▶ WORK INSTRUCTION
Reproduce exactly the lines below, starting at the line that contains "Dreamgirl Long-sleeved Fishnet" and ending with the last line of the records, both included; leave out any pictures.

▶ EXCERPTED RECORDS
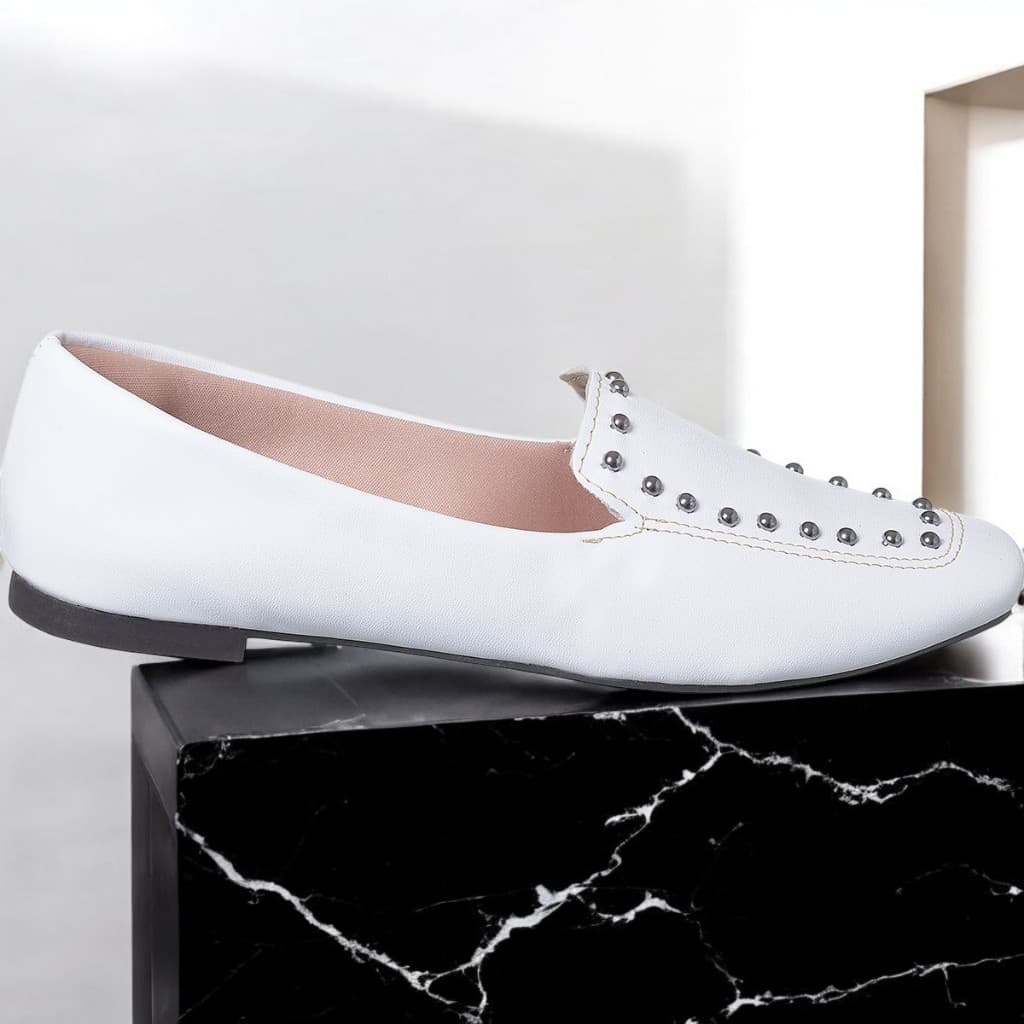 Sapatilha Loafer Bico Quadrado Original Cor Branco 145-0002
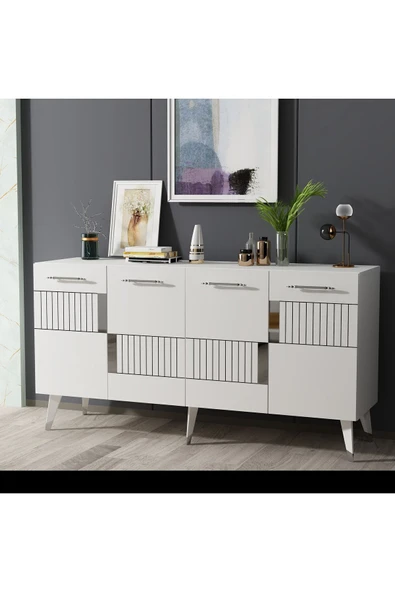 DEMONTE DECOR 4 Kapaklı Moda Konsol Beyaz-gümüş - Resim 2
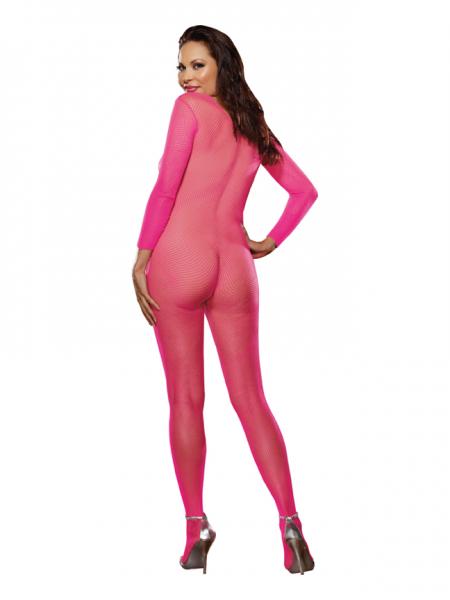 Dreamgirl Long-sleeved Fishnet Bodystocking With Open Crotch Neon Pink Queen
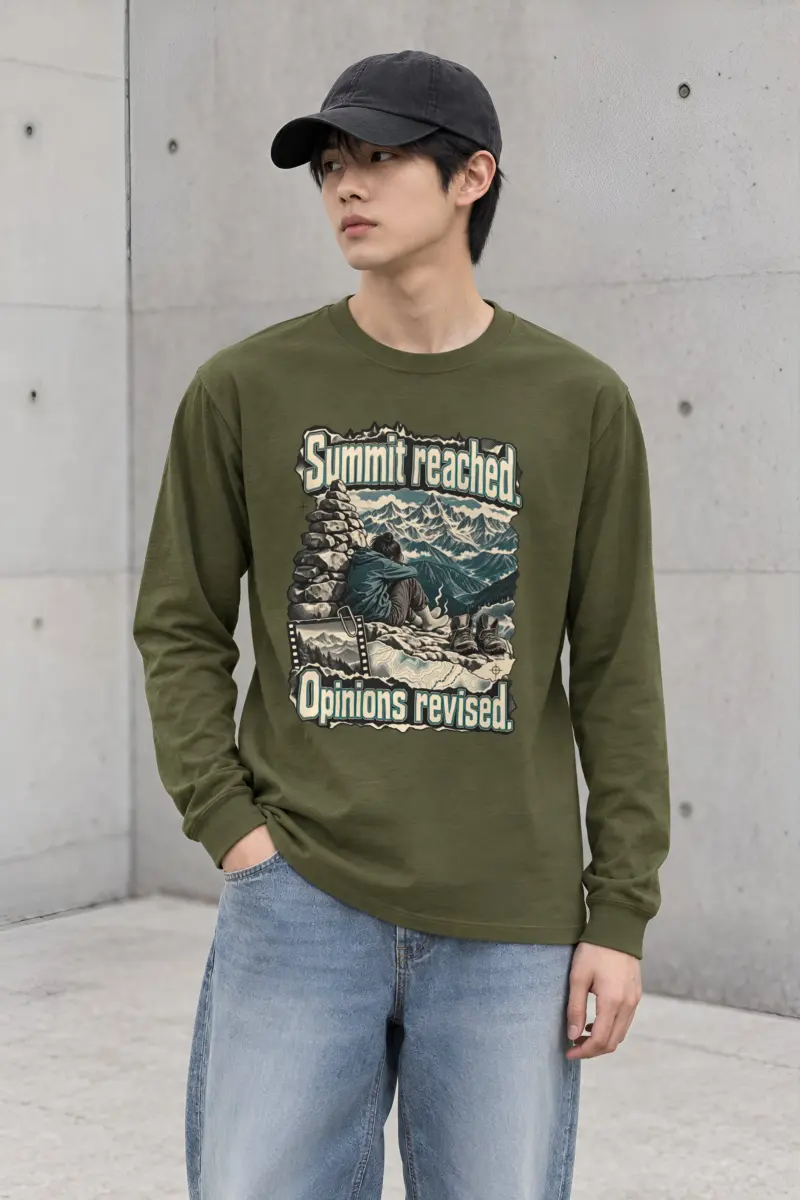 "Summit Reached. Opinions Revised." Unisex Longsleeve T-shirt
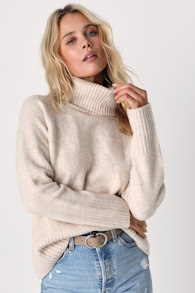 Found the Warmth Beige Turtleneck Pullover Sweater 1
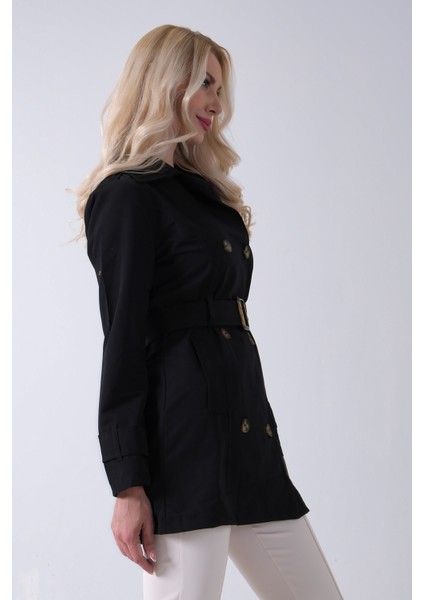 Siyah Bilek ve Omuz Apolet Detaylı Kemerli Düğme Kapamalı Trenç 4200829.01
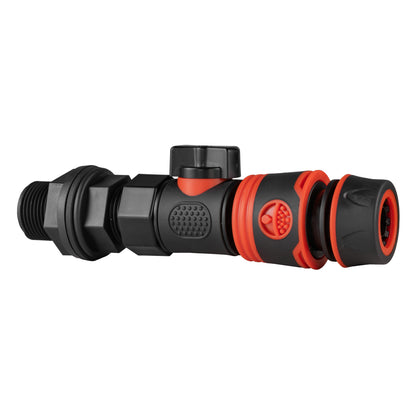 Water Butt Connector 3/4" BSP with BSPF-Quick Connect Valve & Hose Connector Black Soft - Best4Trade-Retail Garden watering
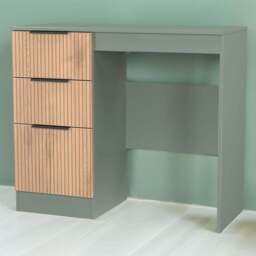 Crowndale Java 3 Drawer Slatt Effect and Reed Green Vanity Unit - Size: 39 x 93 x 80cm - Wilko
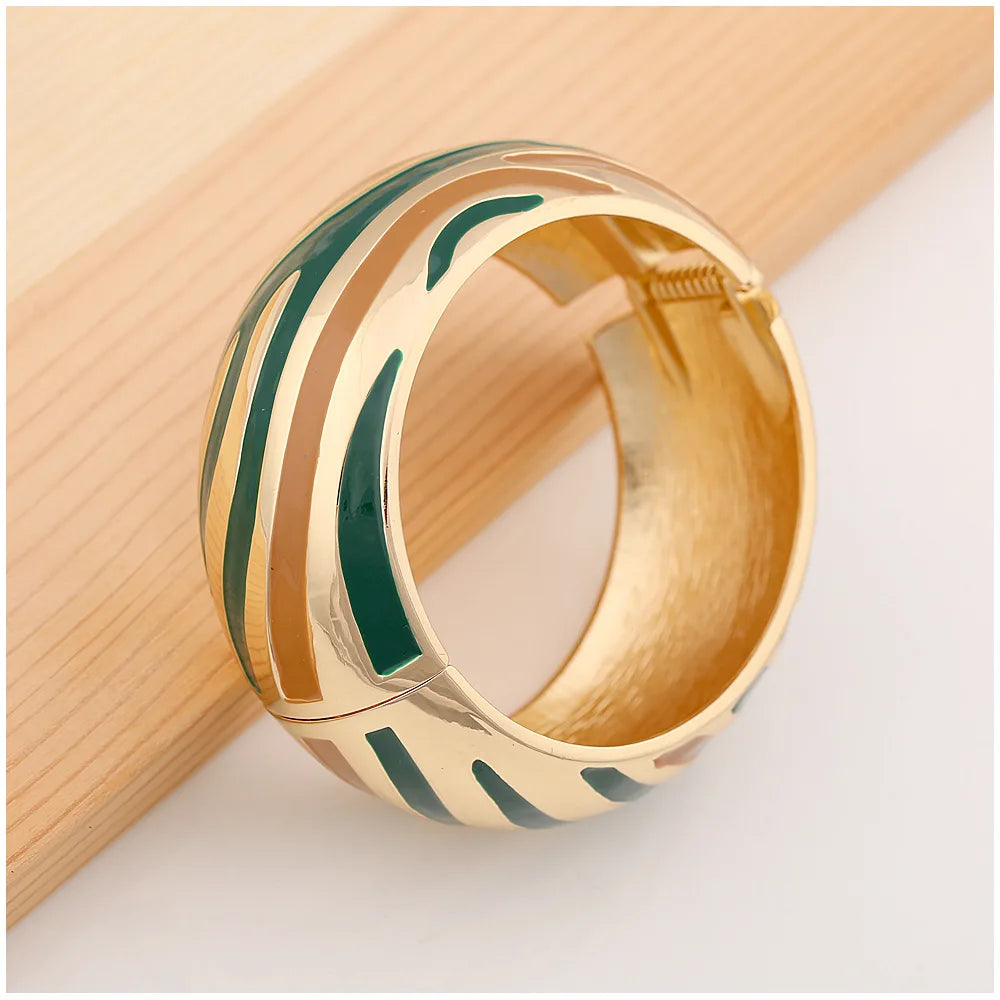 Minimalist Green Zinc Alloy Bangles Geometric Wide Cuff Open Bangle Bracelets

▶ RESULT OF THIS TASK
 Dreamgirl Long-sleeved Fishnet Bodystocking With Open Crotch Neon Pink Queen
 "Summit Reached. Opinions Revised." Unisex Longsleeve T-shirt
 Found the Warmth Beige Turtleneck Pullover Sweater 1
 Siyah Bilek ve Omuz Apolet Detaylı Kemerli Düğme Kapamalı Trenç 4200829.01
 Water Butt Connector 3/4" BSP with BSPF-Quick Connect Valve & Hose Connector Black Soft - Best4Trade-Retail Garden watering
 Crowndale Java 3 Drawer Slatt Effect and Reed Green Vanity Unit - Size: 39 x 93 x 80cm - Wilko
 Minimalist Green Zinc Alloy Bangles Geometric Wide Cuff Open Bangle Bracelets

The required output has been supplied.